I understand you have a "video wall" for bringing people together.
This is a matrix of screens located in lounges-people appear slightly smaller than life-size, but whatever is visible there is visible to people in other locations. What's nice about this setup is that people feel very spontaneous, as opposed to organizing a formal meeting. People hang around these lounges and when they see somebody on the monitors, they extend the conversation. Many times, you'll have a colleague who is an expert in an area you are interested in, but if they are out of sight, they are out of mind-so you wouldn't even think of initiating a phone conversation.
Why is the search engine sector in particular hiring so many researchers?
First of all, the industry is immature. It doesn't matter what amazing growth we've had over the last 10 years, we are still barely scratching the surface in terms of the new online interactive media.
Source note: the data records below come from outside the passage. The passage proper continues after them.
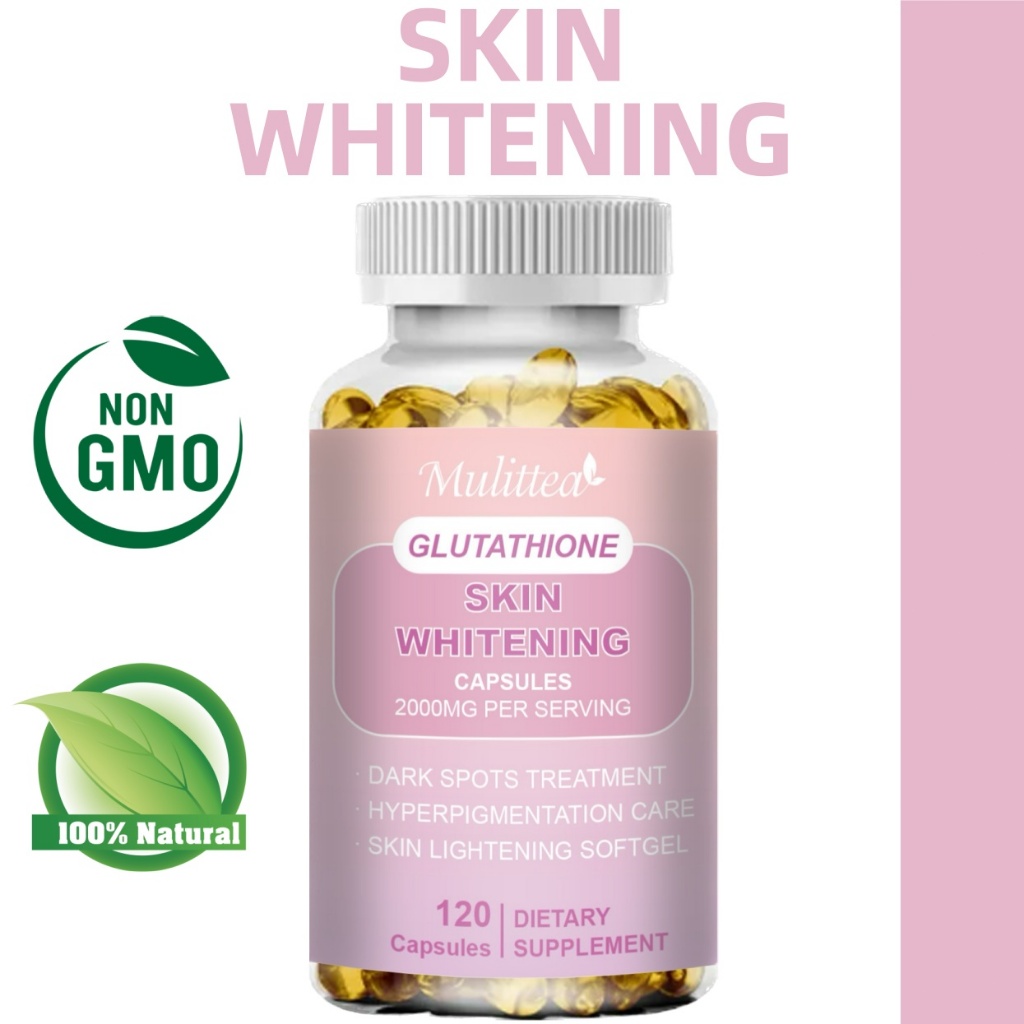 MULITTEA Glutathione Capsules ช่วยบรรเทาความเครียดและกระตุ้นการเผาผลาญ（กลูตาไธโอน）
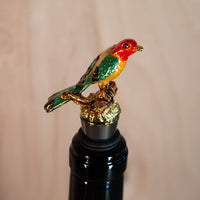 Festive Bird Wine Stopper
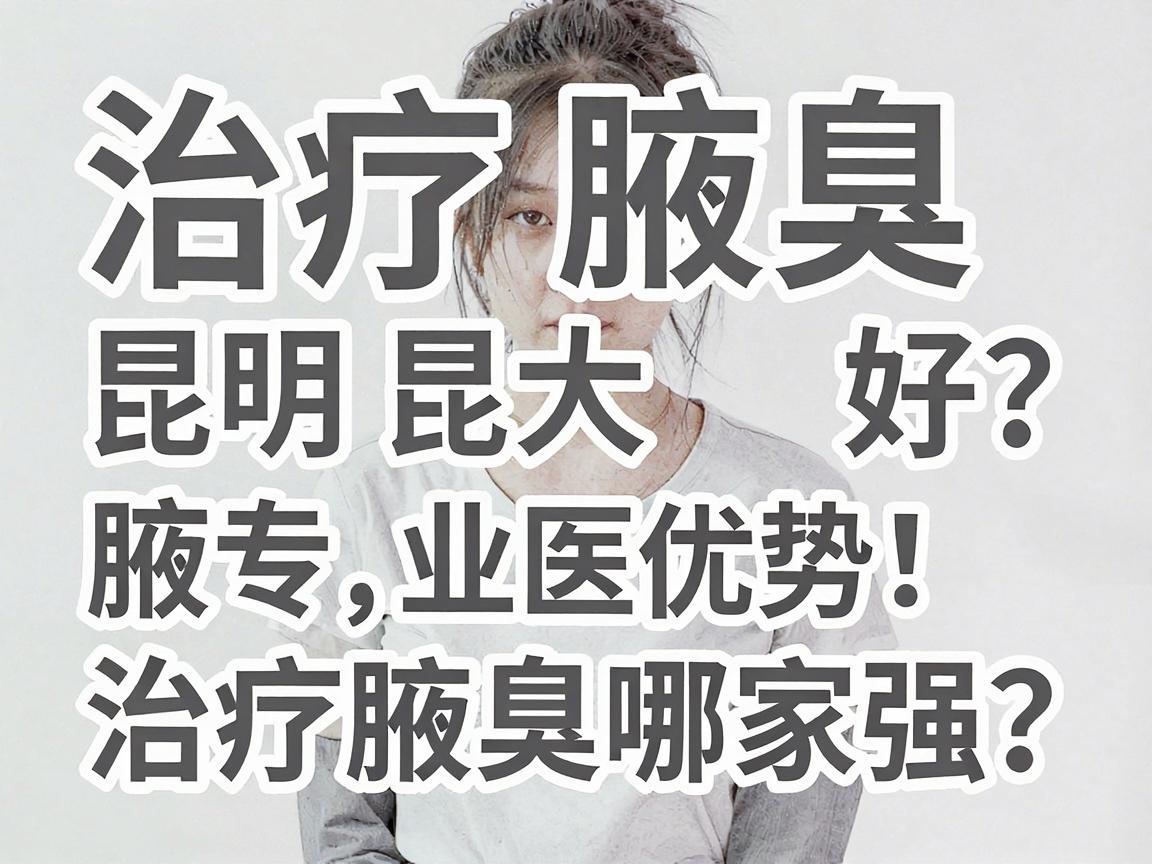 治疗腋臭哪家医院好？揭秘昆明昆大腋臭医院的专业优势，治疗腋臭哪家强？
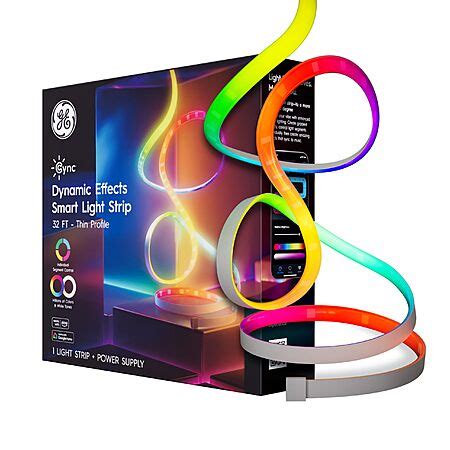 $16.82*:32' GE Cync Dynamic Effects Indoor Smart LED Light Strip at ...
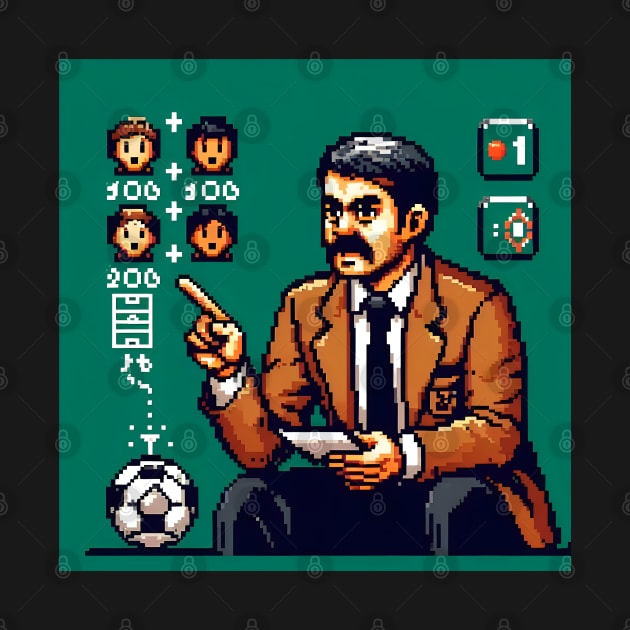 soccer coach - soccer arcade soccer coach by vaporgraphic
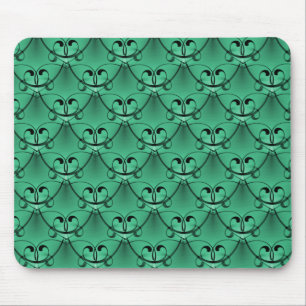 Hortelã Mousepad Glam clássico verde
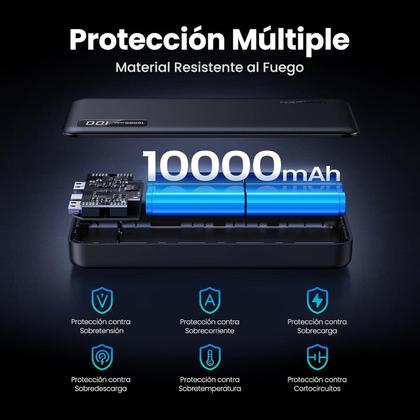 Imagem de Carregador Portátil Power Bank 10000Mah Bateria Externa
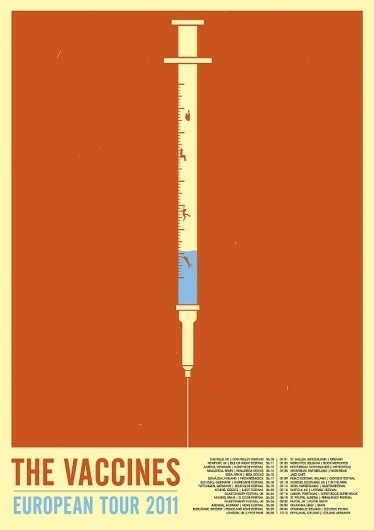 vaccines.jpg (JPEG Image, 595x842 pixels) #vaccines #the #patrik #needle #diving #poster #music #svensson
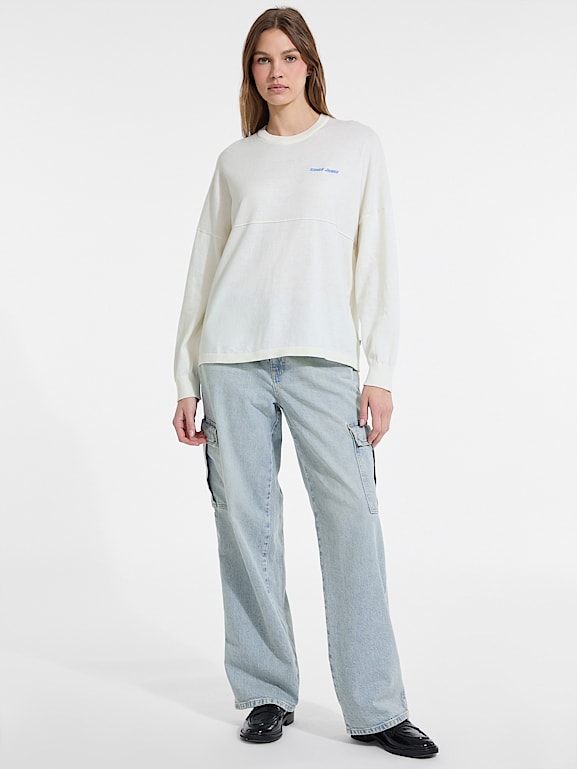 GUESS® Logo Crewneck Long Sweater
Within Yahoo!, that sense goes to the very top: our CEO Terry Semel is asking questions about the underlying science. So when an industry is this immature, there's a feeling that a breakthrough can completely re-route its direction. And nobody wants to lose out on that prospect. For that reason alone, we're passionate about going after the very best people.
I'd also argue that this sector is more complex, because it is a confluence of art and media on one hand, commercial influences on the other. This is so much more than just data plumbing. All the companies in this sector believe there are new markets and revenue models to be tapped. When you are fortunate enough to be growing, that's the time to invest. The best research efforts happen when you get two things: high growth and high margins.
Your background is electrical engineering. How did you make the transition from a matrix of wiring to a matrix of people?
In some ways, it's all pretty much the same thing. In the early nineties, we were all hung up on massively parallel computers-all trying to connect computers for solving huge numerical computations. But what was interesting was the transition from massively parallel, highly synchronous computers to massively distributed asynchronous computing, where it was OK if the server never got back to you. The latter model more closely resembles the network of people we are now considering.
When I decided I wanted to move back to California, IBM was kind enough to send me to the Almaden Research Center in San Jose. When I got there, I heard about something called AltaVista-who's CTO, Andrei Broder, is now with us. AltaVista had scaled the art of library science to something like 20 million documents. I suggested at a conference in January 1997 that even if Alta Vista had unlimited available computation cycles, that alone wouldn't improve it. For search, the key is not just to do things faster, but to do them better. These kinds of problems weren't computationally bound, but bound by the question: what is a better answer. At Stanford, Larry Page and Sergey Brin were working on PageRank and we would run into them at conferences. The methods had some differences of approach-but for a while, two research teams 30 miles apart were all working on the same kinds of problems.